## What to work on
Omit the pictures and reproduce the rest of the listing exactly.

─── Listed entries

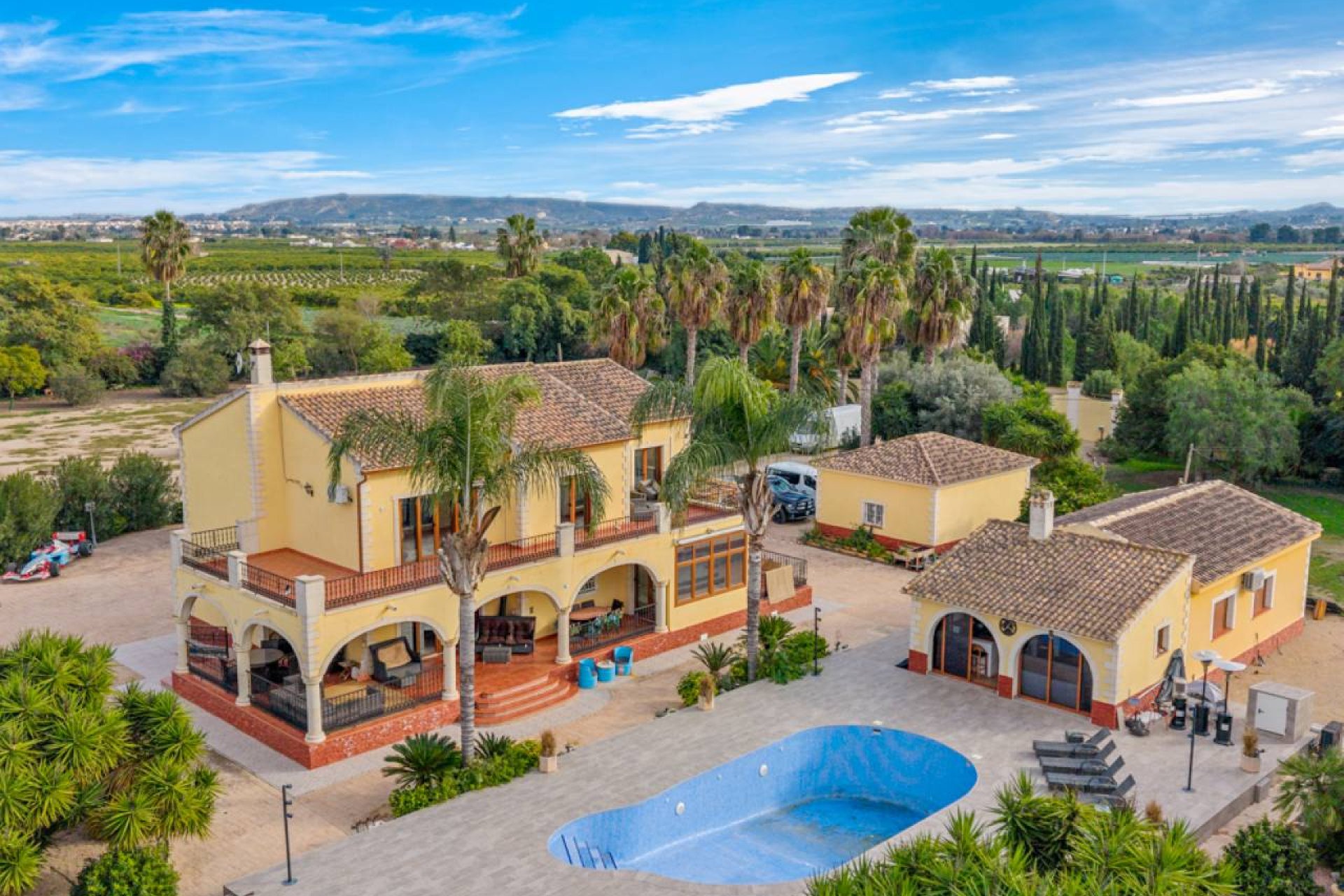 Bestaande bouw - Finca -
Orihuela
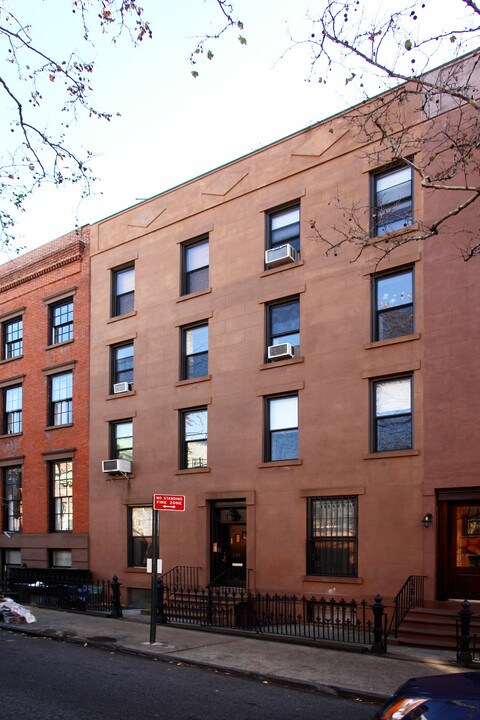 285 Hicks St in Brooklyn, NY - Building Photo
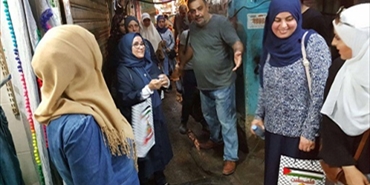 وفد فلسطيني أوروبي من "مخيم اللغة الإنكليزية" يجول على مخيم برج البراجنة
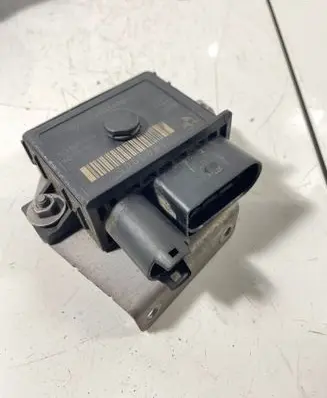 BMW 3 E90 E91 Glow plug pre-heat relay 779800005 0522120102 0004698174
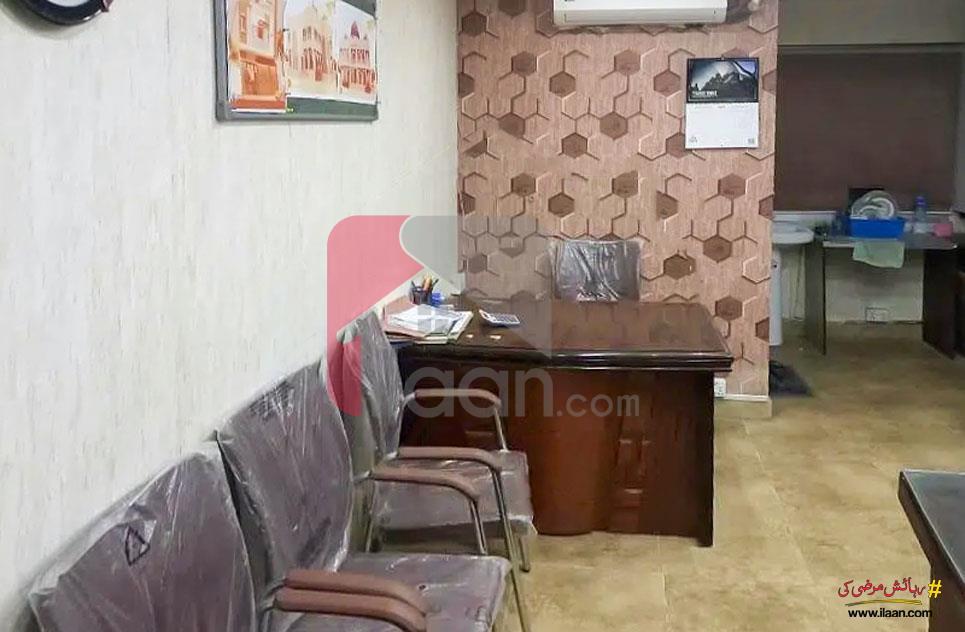 38 Square Yard Office for Rent in Bahadurabad, Karachi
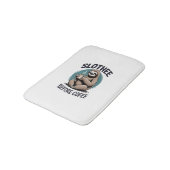 Faultier vor Kaffee Sublimation Badematte (Schrägansicht)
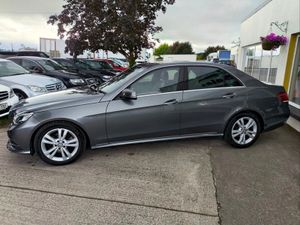 Mercedes-Benz E-Class E 200 Bluetec Classic A/T - Image 3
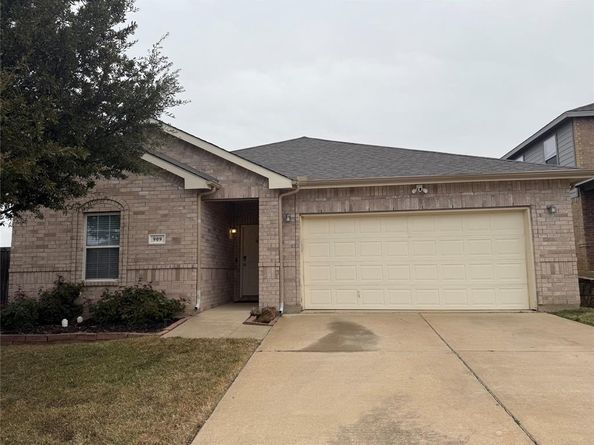 909  Bee Creek Lane , Fort Worth Texas 76120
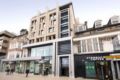 Premier Inn Edinburgh Princes Street ホテル詳細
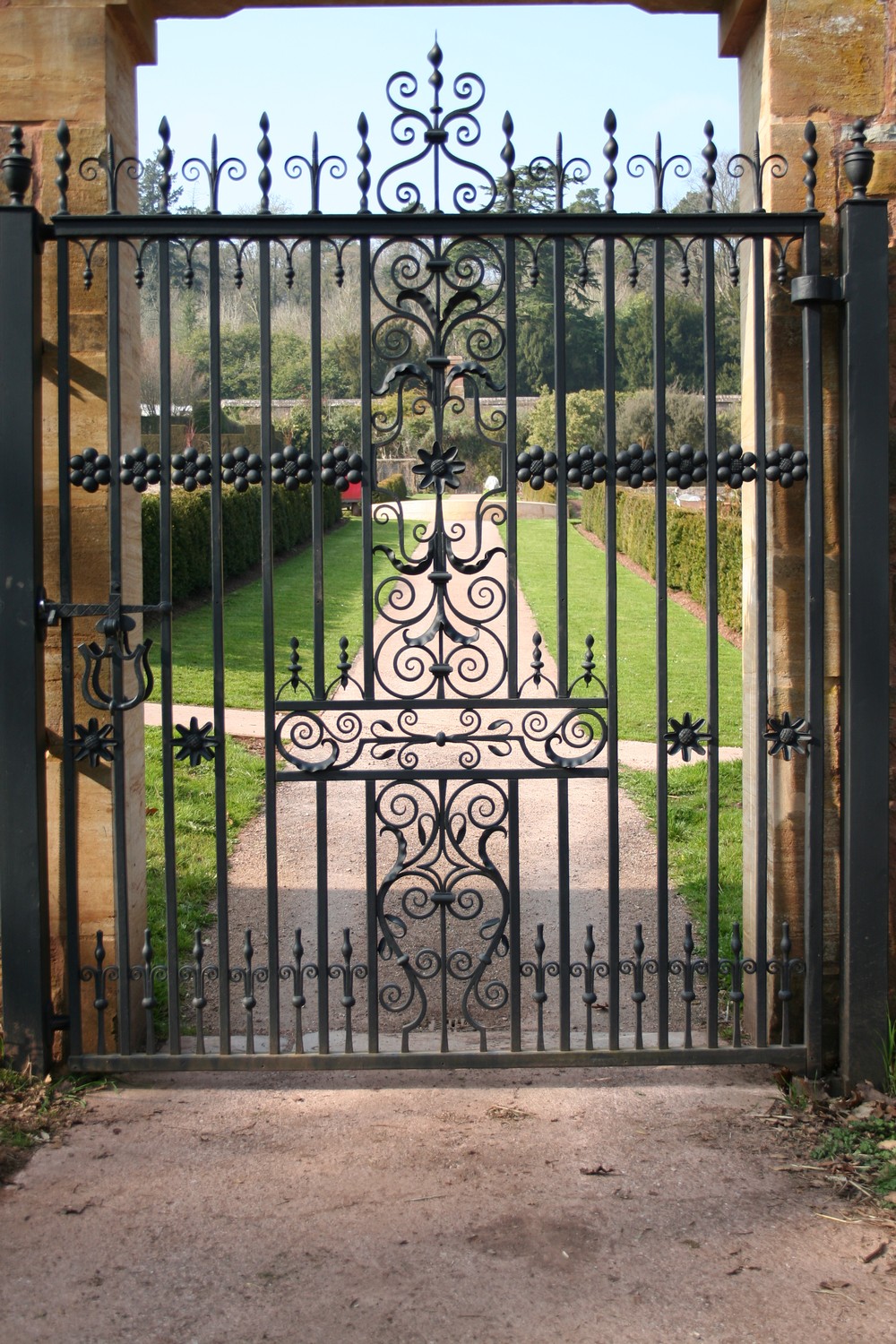 Knightshayes Gate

──────

## Task response
 Bestaande bouw - Finca -
Orihuela
 285 Hicks St in Brooklyn, NY - Building Photo
 وفد فلسطيني أوروبي من "مخيم اللغة الإنكليزية" يجول على مخيم برج البراجنة
 BMW 3 E90 E91 Glow plug pre-heat relay 779800005 0522120102 0004698174
 38 Square Yard Office for Rent in Bahadurabad, Karachi
 Faultier vor Kaffee Sublimation Badematte (Schrägansicht)
 Mercedes-Benz E-Class E 200 Bluetec Classic A/T - Image 3
 909  Bee Creek Lane , Fort Worth Texas 76120
 Premier Inn Edinburgh Princes Street ホテル詳細
 Knightshayes Gate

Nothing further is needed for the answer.